- [Work required]: Your copy should match the records exactly, apart from the pictures, which stay out.
* * * *
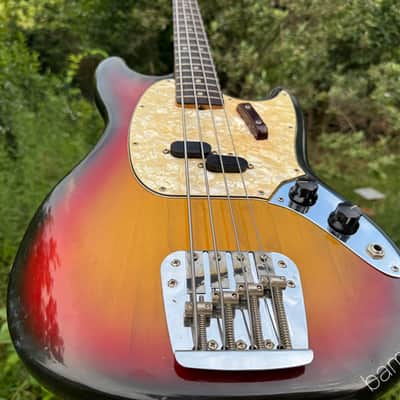 1973 Fender Mustang Bass - Sunburst - Clean Amazing Player - HSC image 12
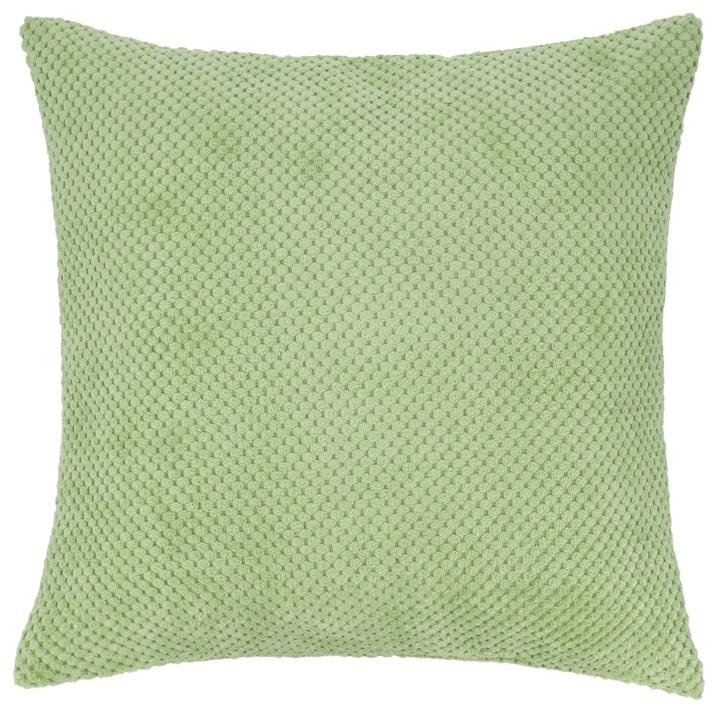 Sconto Dekorační polštář LISA světle zelená, 40x40 cm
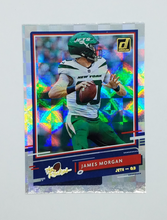 Load image into Gallery viewer, 2020 Donruss The Rookies James Morgan Silver Rookie Football Card
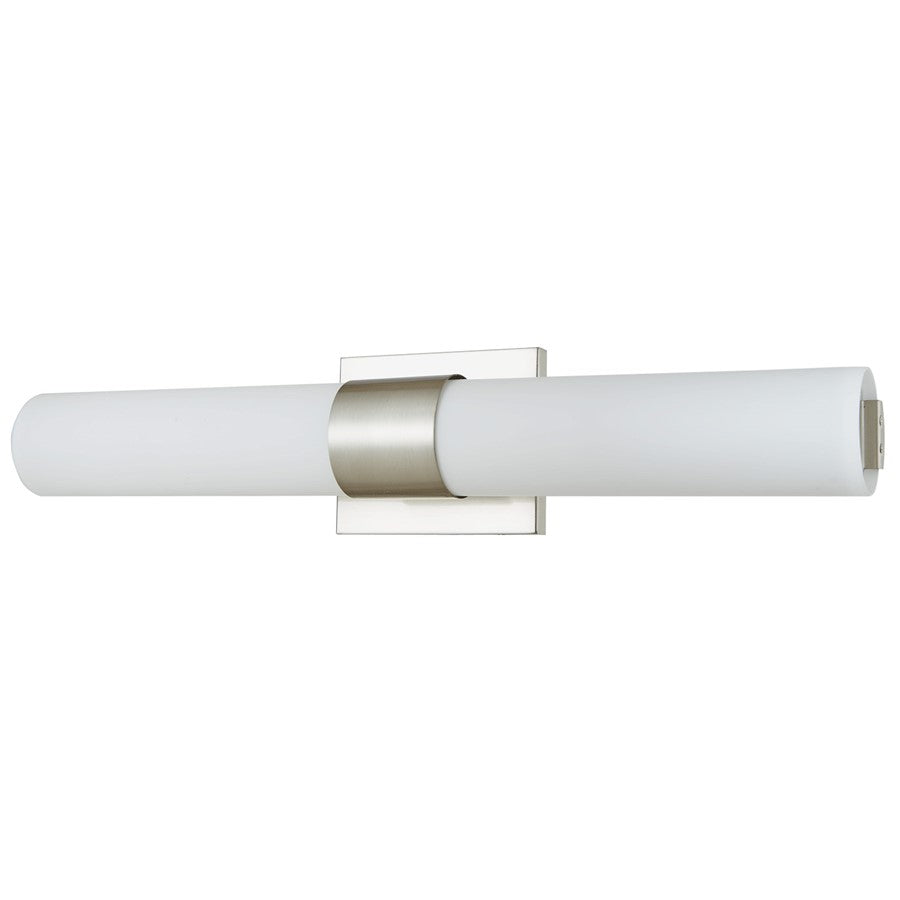 Abra Lighting Turbo 2 Light 22" Dual Cylinder Vanity, Nickel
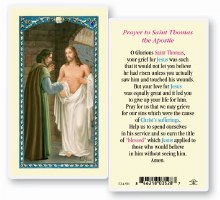ST THOMAS THE APOSTLE PRAYER CARD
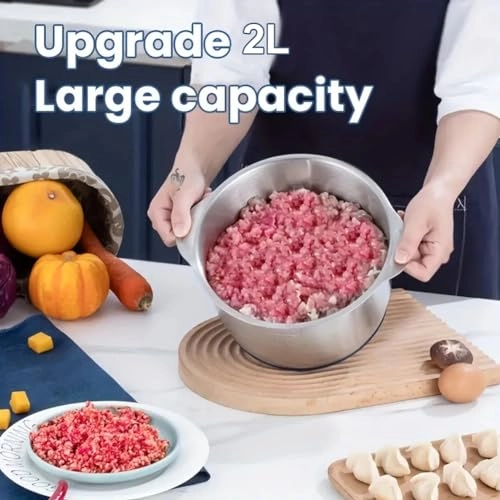 electric food chopper - 2L 500W Green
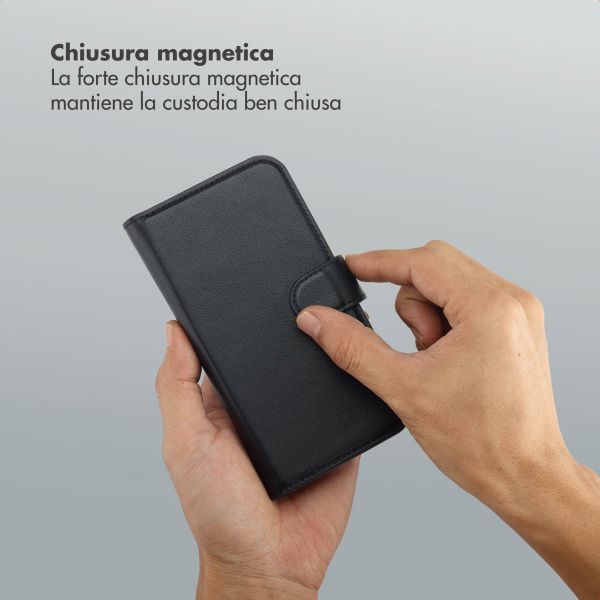 Selencia Libreria rimovibile Olyn con MagSafe Apple iPhone 16 Pro - Nero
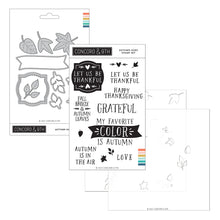 Load image into Gallery viewer, Concord & 9th - Autumn Hues - Stamp, Die and Stencil Bundle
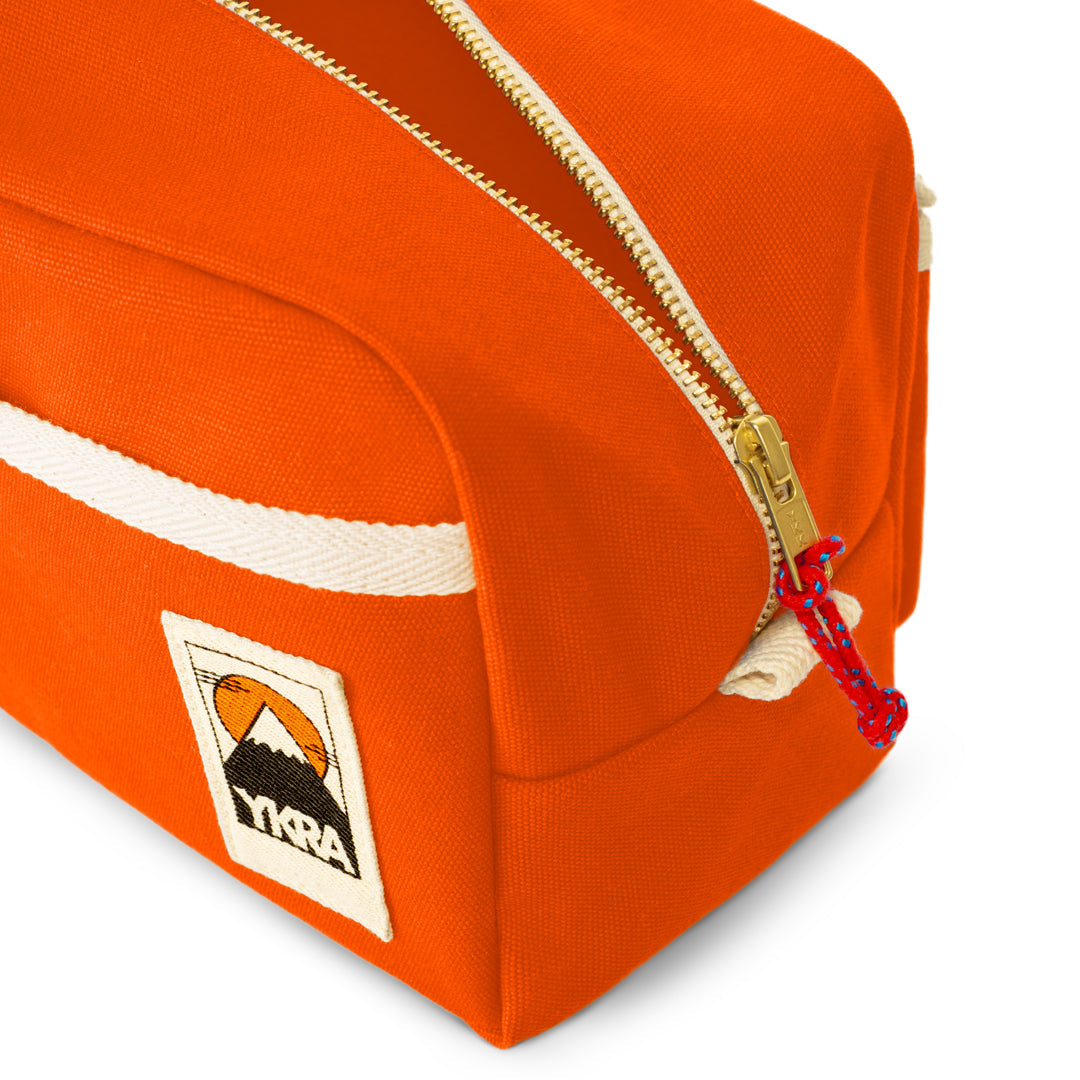 Ykra Orange Dopp Pack Bag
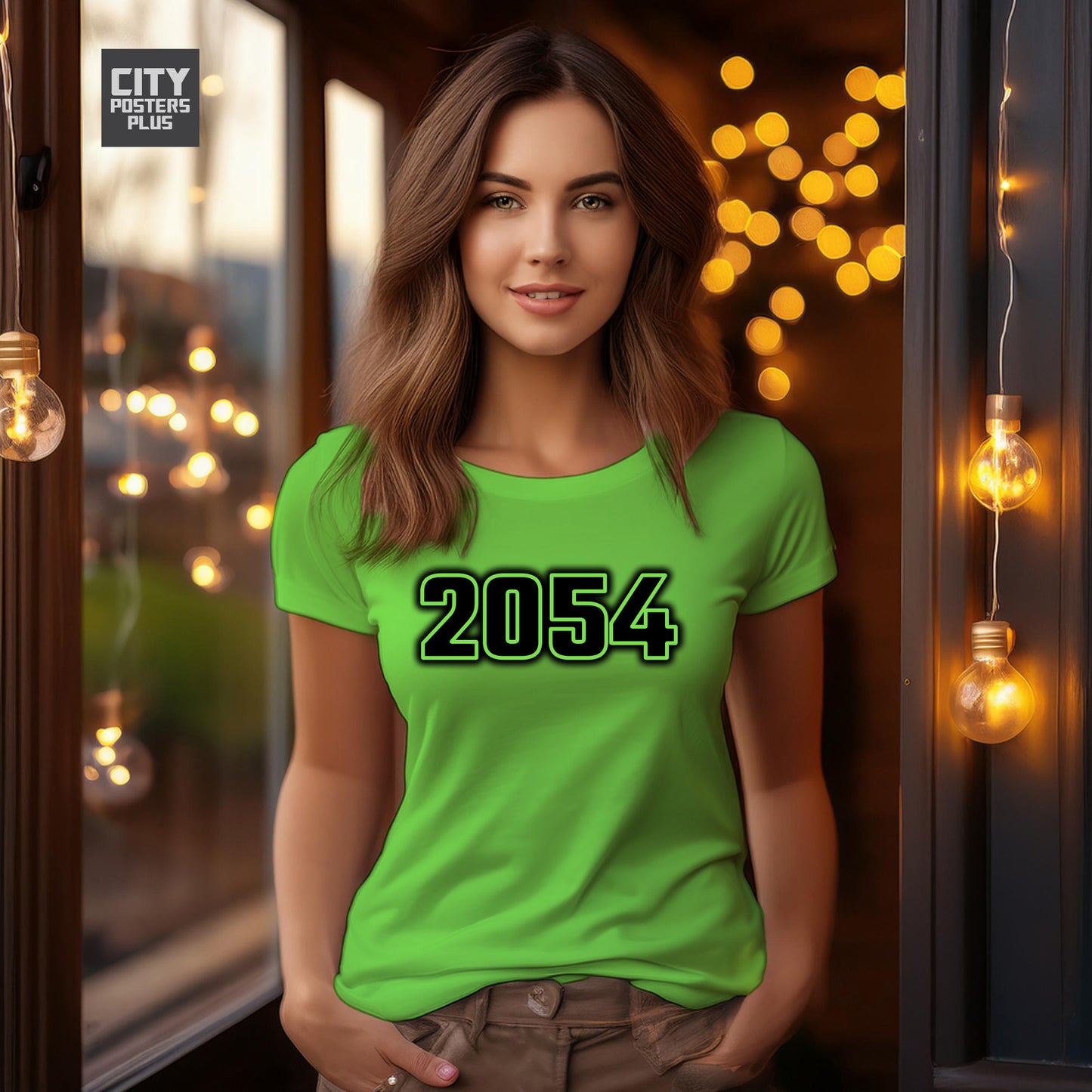 2054 Year Women T-Shirt (Liril Green)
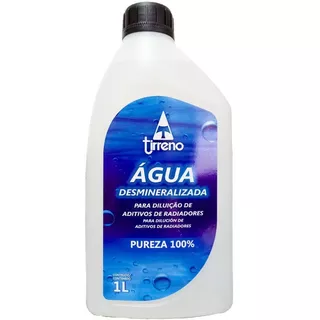 Água Desmineralizada Radiador Tirreno Pureza 100% 1 Litro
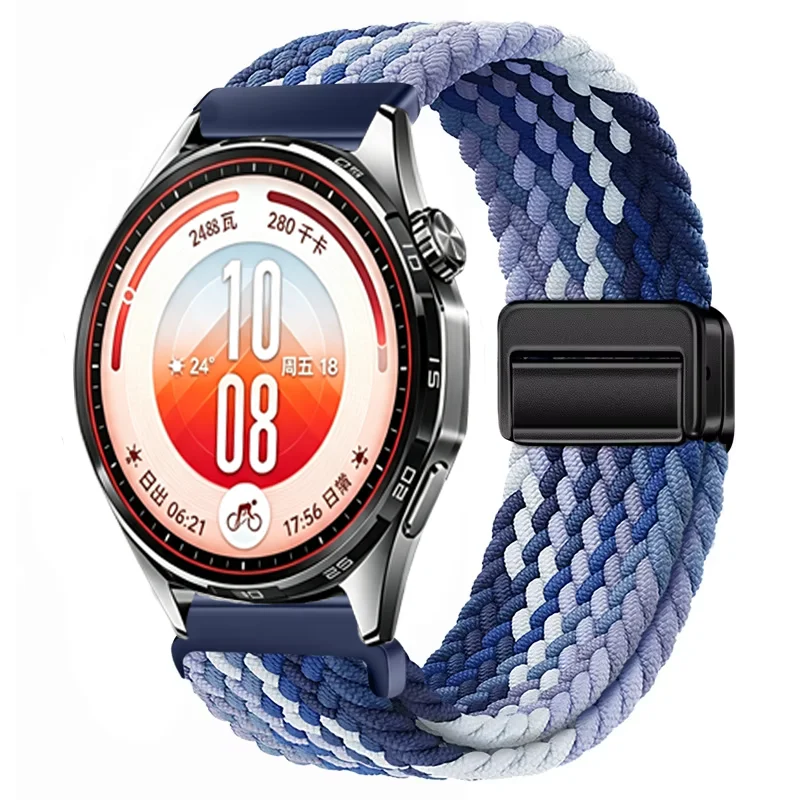 Nylon Magnetic Clasp Sports Bracelet, 20mm/22mm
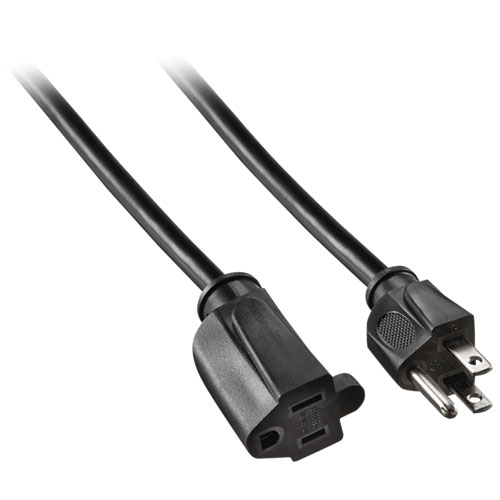 Insignia 12' Extension Power Cord - Black - Only at Best Buy
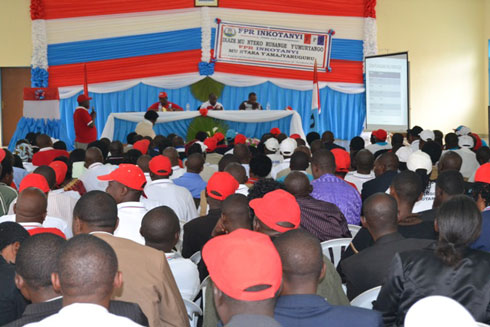 Abanyamuryango ba FPR muri kongere yo kuri iki cyumweru.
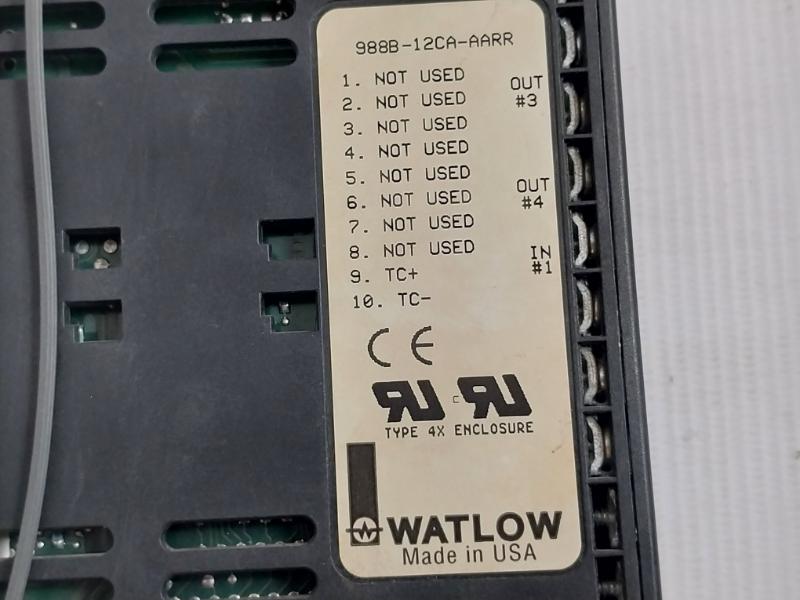 Temperature Controller 100-240 V- (Vac) 50/60Hz 16Va Max Watlow 988B-12Ca-aarr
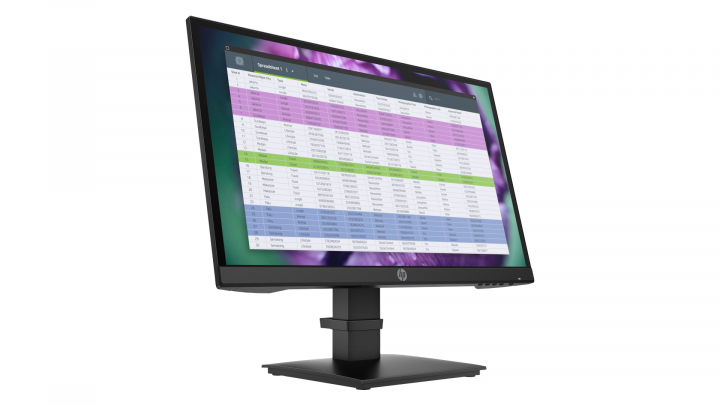 Monitor HP P22 G4 - widok frontu lewej strony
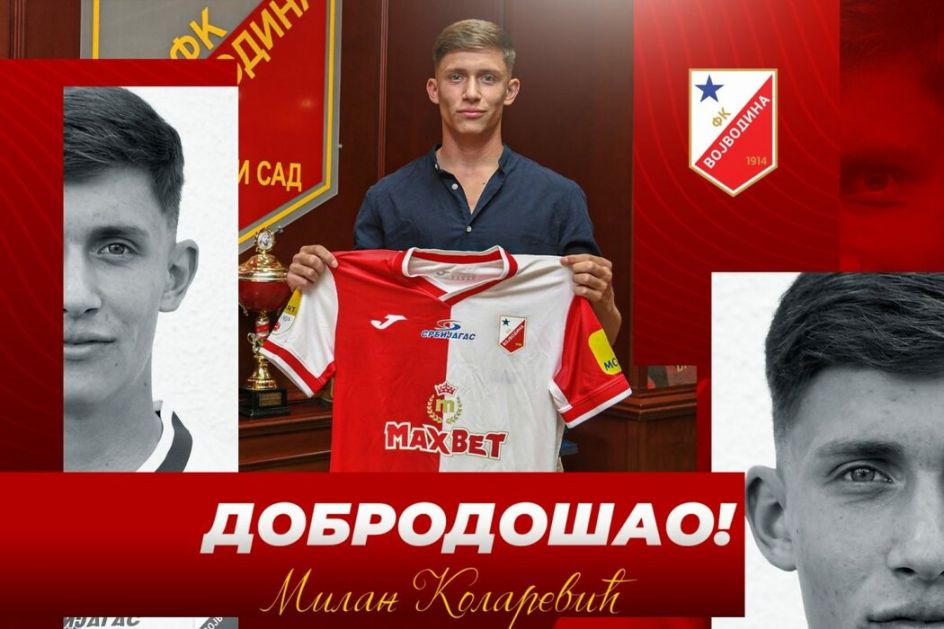 Milan Kolarević novi član FK Vojvodina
* * * *
- [Result of the exercise]:
 1973 Fender Mustang Bass - Sunburst - Clean Amazing Player - HSC image 12
 Sconto Dekorační polštář LISA světle zelená, 40x40 cm
 Load image into Gallery viewer, 2020 Donruss The Rookies James Morgan Silver Rookie Football Card
 Abra Lighting Turbo 2 Light 22" Dual Cylinder Vanity, Nickel
ST THOMAS THE APOSTLE PRAYER CARD
 electric food chopper - 2L 500W Green
 Selencia Libreria rimovibile Olyn con MagSafe Apple iPhone 16 Pro - Nero
 Load image into Gallery viewer, Concord & 9th - Autumn Hues - Stamp, Die and Stencil Bundle
 Ykra Orange Dopp Pack Bag
 2054 Year Women T-Shirt (Liril Green)
 Água Desmineralizada Radiador Tirreno Pureza 100% 1 Litro
 Nylon Magnetic Clasp Sports Bracelet, 20mm/22mm
 Insignia 12' Extension Power Cord - Black - Only at Best Buy
 Abanyamuryango ba FPR muri kongere yo kuri iki cyumweru.
 Temperature Controller 100-240 V- (Vac) 50/60Hz 16Va Max Watlow 988B-12Ca-aarr
 Monitor HP P22 G4 - widok frontu lewej strony
 Milan Kolarević novi član FK Vojvodina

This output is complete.